Research for an Operator Scoring System [Completed]

The following deliverable is the completion of this research into the data available for a node operator scoring system. This research examined available datasets, both on-chain and off-chain, for feasibility and usefulness. We critiqued existing scoring systems and suggested a structure for a future Lido system.

Please find the full deliverable HERE.

Original grant proposal HERE.

Our focus was on identifying what data exists for the development of a NO scoring system that effectively balances stakeholder rewards with risk mitigation. While NO’s can influence the rewards their validators earn, they have far greater control and responsibility for minimizing penalties and slashing. Therefore, optimizing for these risk mitigation factors should be a better proxy for long-term performance.
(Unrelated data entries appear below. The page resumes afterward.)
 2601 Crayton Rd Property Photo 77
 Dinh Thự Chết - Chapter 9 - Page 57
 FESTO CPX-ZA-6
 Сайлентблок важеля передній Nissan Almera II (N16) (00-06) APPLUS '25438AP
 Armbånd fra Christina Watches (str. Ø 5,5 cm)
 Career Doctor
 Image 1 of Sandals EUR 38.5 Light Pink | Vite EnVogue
By viewing a scoring system through the lens of risk, it will allow us to craft a healthy and resilient validator set, that should necessitate higher performance over infinite epochs.

Our investigation centered on identifying potential data sources and metrics crucial for an effective NO scoring system. We explore both on-chain and off-chain factors, recognizing their distinct impacts on overall NO performance and risk management. On-chain, we analyzed millions of data points to identify whether the datasets have the characteristics necessary to be used in scoring.
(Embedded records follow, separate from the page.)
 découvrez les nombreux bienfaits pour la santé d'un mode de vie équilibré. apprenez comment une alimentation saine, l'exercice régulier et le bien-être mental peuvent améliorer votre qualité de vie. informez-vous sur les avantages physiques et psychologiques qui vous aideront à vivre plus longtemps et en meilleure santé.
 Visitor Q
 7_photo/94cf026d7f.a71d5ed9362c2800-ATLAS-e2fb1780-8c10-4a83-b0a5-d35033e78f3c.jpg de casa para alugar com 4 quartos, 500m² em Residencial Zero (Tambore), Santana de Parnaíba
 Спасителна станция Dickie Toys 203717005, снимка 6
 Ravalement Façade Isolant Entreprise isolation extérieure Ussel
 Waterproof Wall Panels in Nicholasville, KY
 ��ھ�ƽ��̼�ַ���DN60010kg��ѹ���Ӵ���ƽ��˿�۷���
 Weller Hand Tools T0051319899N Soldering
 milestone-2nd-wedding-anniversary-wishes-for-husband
Key Findings and Recommendations

Limitations of On-Chain Data-Only Systems

While it is feasible to create a NO scoring system solely based on on-chain performance data, such a system would be substantially deficient. It would fail to comprehensively account for the myriad of risk factors, which are pivotal in ensuring a robust and reliable scoring system. We found that overwhelmingly risk mitigation data was necessary for the creation of any NO scoring system. Without it, any other system would optimize for another outcome, without any insight and transparency into the unknown accumulation of these risk factors. Therefore, an on-chain data-only approach would be considerably limited in its effectiveness.

Priority of Off-Chain Risk Data

Our research underscores the paramount importance of off-chain risk data in any effective scoring system. While this necessitates a departure from a fully trustless scoring system, it’s a necessary compromise to achieve a realistic assessment of NO performance.

Risk-Based Scoring Framework

The scoring system should prioritize minimizing penalties and slashing, key factors in long-term performance and stability. Key risk factors include internal processes, hardware, client and server locations, jurisdiction, and operator concentration.

Incorporating On-Chain and Off-Chain Data

The system should utilize a blend of on-chain data and critical off-chain risk data. This approach acknowledges the necessity of human involvement and increased transparency from NOs for a comprehensive risk assessment. Gathering this data is likely to conflict with a transition to permissionless anonymous NO’s. We find that it will be critical to create an incentive structure for NO’s to truthfully disclose information and a remediation system to investigate discrepancies. Without this information, the DAO has little transparency into the accumulation of risk in these factors and hence cannot properly maintain the health of the set.

MEV Data Exploration

Our study has identified MEV (Maximal Extractable Value) data as an intriguing area for future exploration. This includes potential optimizations for capturing MEV and tracking/preventing MEV theft by operators. However, currently, MEV data is not a viable metric for the scoring system due to implementation challenges and its relative unreliability as a dataset.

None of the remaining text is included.